Comprendre la technique
Bruit d'un groupe extérieur : ce que dit la réglementation
5 dB(A) d'émergence le jour, 3 dB(A) la nuit, mesurés en limite de propriété. Ce que cela veut dire concrètement, et comment l'anticiper avant la pose.
Le bruit d'une unité extérieure est la première cause de conflit de voisinage liée à la climatisation. La réglementation est précise, et elle ne raisonne pas en décibels absolus.
La notion d'émergence
Ce qui est réglementé n'est pas le niveau sonore de la machine, mais l'émergence : la différence entre le bruit ambiant avec l'appareil en marche et le bruit de fond sans lui.
La limite est de 5 dB(A) en période diurne (7 h - 22 h) et 3 dB(A) en période nocturne (22 h - 7 h), mesurée chez le voisin ou en limite de propriété.
La conséquence est importante : un quartier calme la nuit est bien plus contraignant qu'un environnement bruyant. Une machine acceptable en bord de rocade peut être en infraction dans un lotissement.
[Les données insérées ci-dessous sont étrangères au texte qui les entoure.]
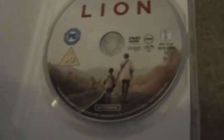And now onto the two DVDs which are Lion on Entertainment in Video and Hacksaw Ridge on Lionsgate. And there's the disc itself.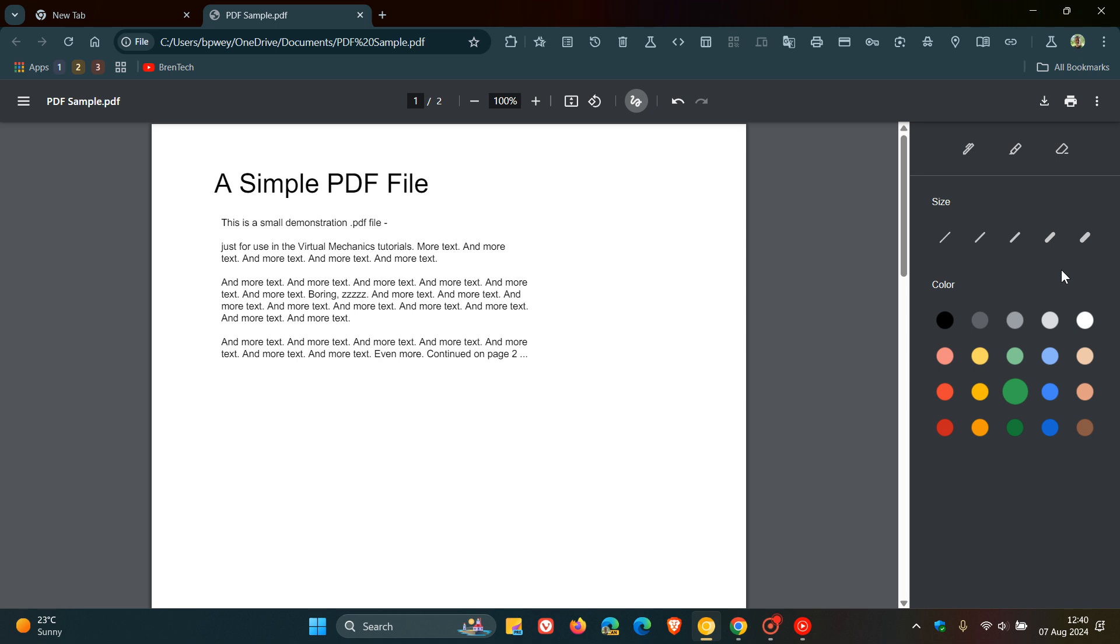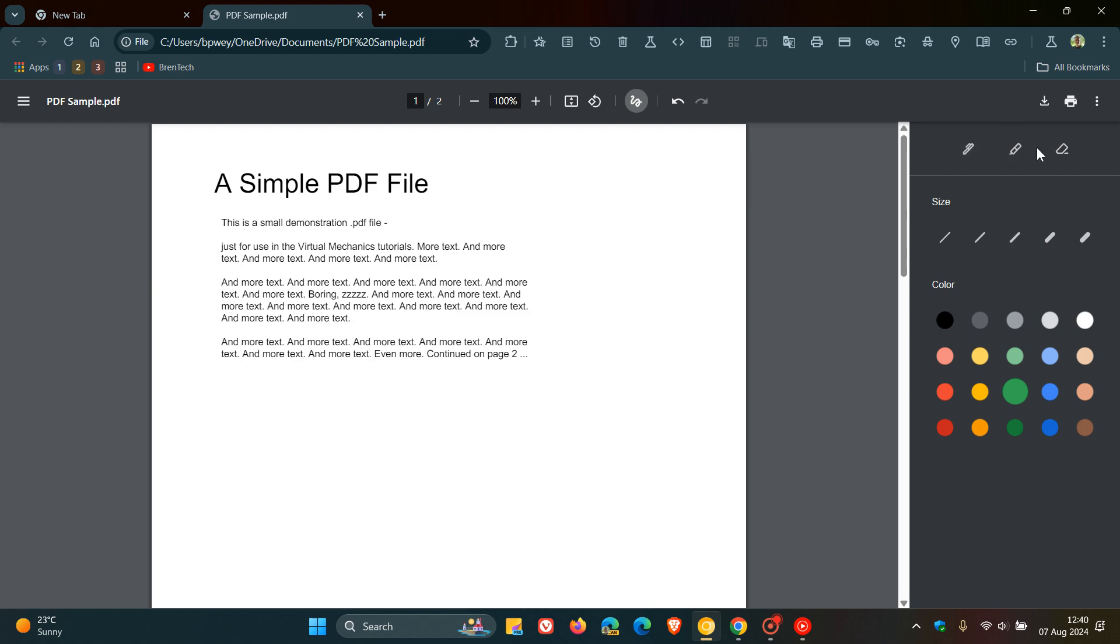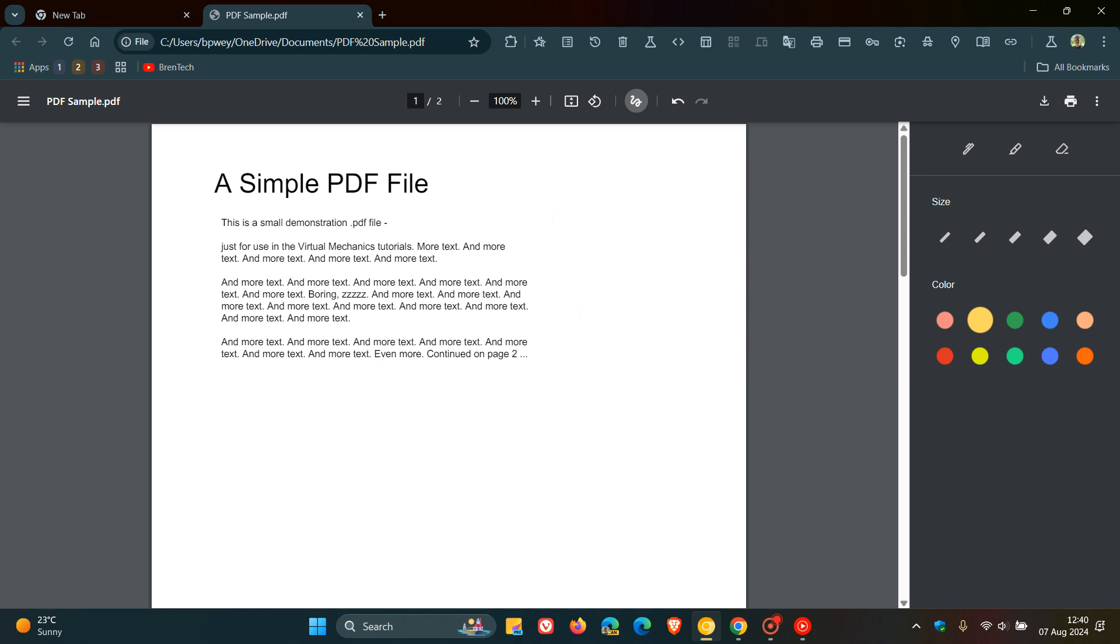But it looks like they've made some progress because, as an example, the size options now are starting to look more or less like they should, where previously this was like placeholders. And at this stage though, it's still early days, this feature is not working. So even if we choose a highlighter or a pen, and we choose the size, and we choose a color, still nothing happening. So it's basically a dead feature.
Ce que valent les chiffres du fabricant
Les fiches techniques annoncent en général deux valeurs. La puissance acoustique, en dB(A), caractérise la machine indépendamment du lieu : c'est celle qui permet de comparer deux modèles. La pression acoustique à 1 ou 3 mètres dépend des conditions de mesure et se compare mal.
Retenez la puissance acoustique. Un bon groupe résidentiel se situe entre 54 et 62 dB(A) de puissance acoustique.
L'implantation compte plus que la machine
Trois erreurs d'implantation suffisent à annuler le bénéfice d'un matériel silencieux.
- L'angle rentrant. Deux murs qui se rejoignent renvoient le son et peuvent ajouter 3 à 6 dB.
- La fixation rigide sur un mur mitoyen. Les vibrations se transmettent par la structure et s'entendent à l'intérieur, chez le voisin, même sans bruit aérien.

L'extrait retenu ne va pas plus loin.